# Exercise data:
----
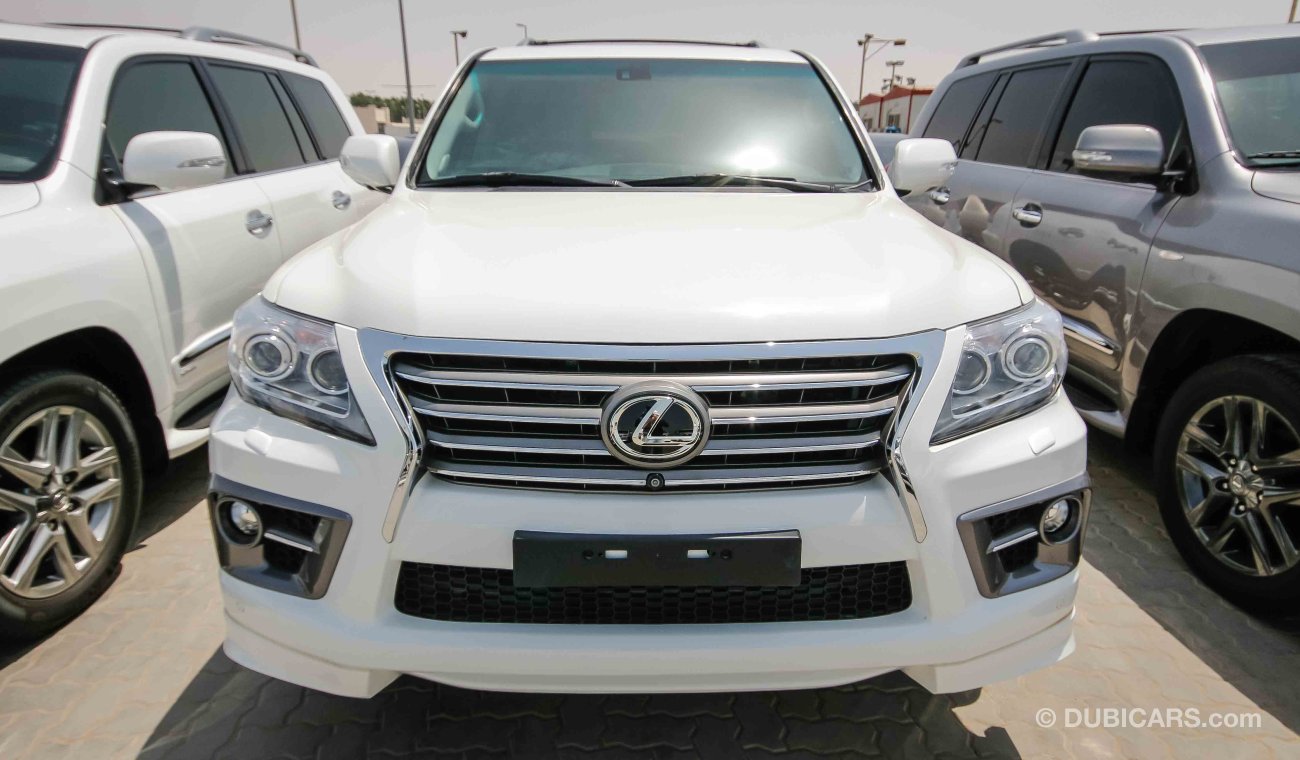 Lexus LX570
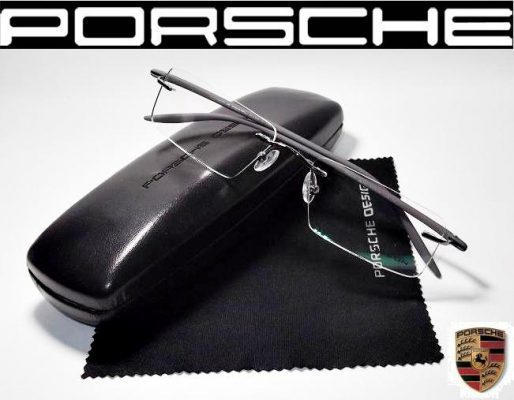 Gọng kính cận Porsche Design P9010
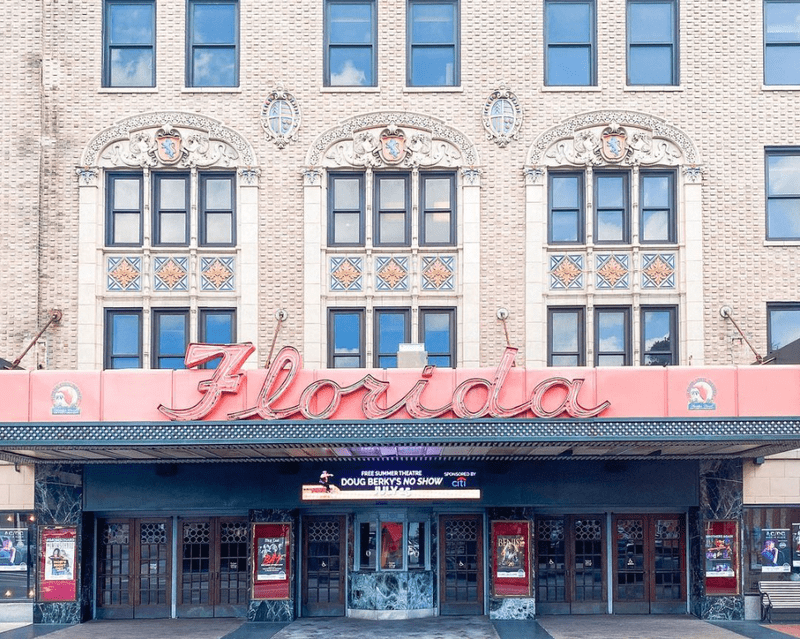 Florida theater Jackwsonville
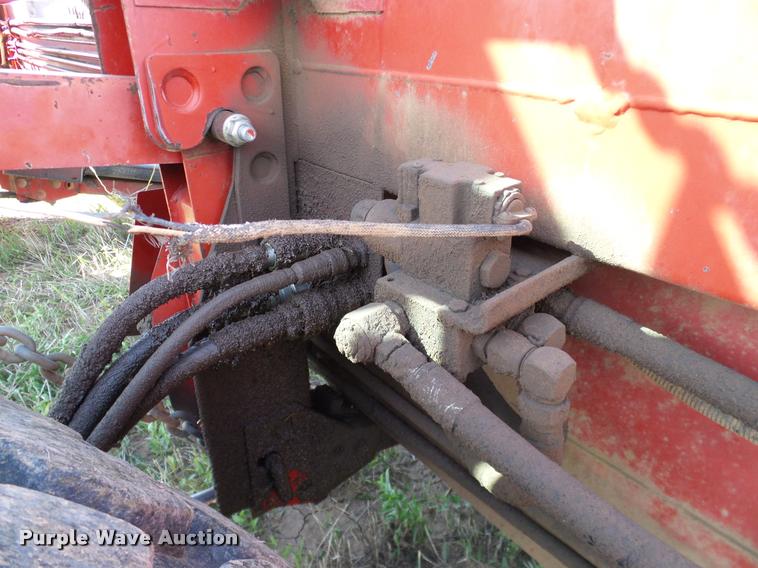 image for item DG9968 Case IH 8825HP self-propelled windrower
----
# About this task:
Skip the images and set down the rest of the data unchanged.

# Finished exercise:
 Lexus LX570
 Gọng kính cận Porsche Design P9010
 Florida theater Jackwsonville
 image for item DG9968 Case IH 8825HP self-propelled windrower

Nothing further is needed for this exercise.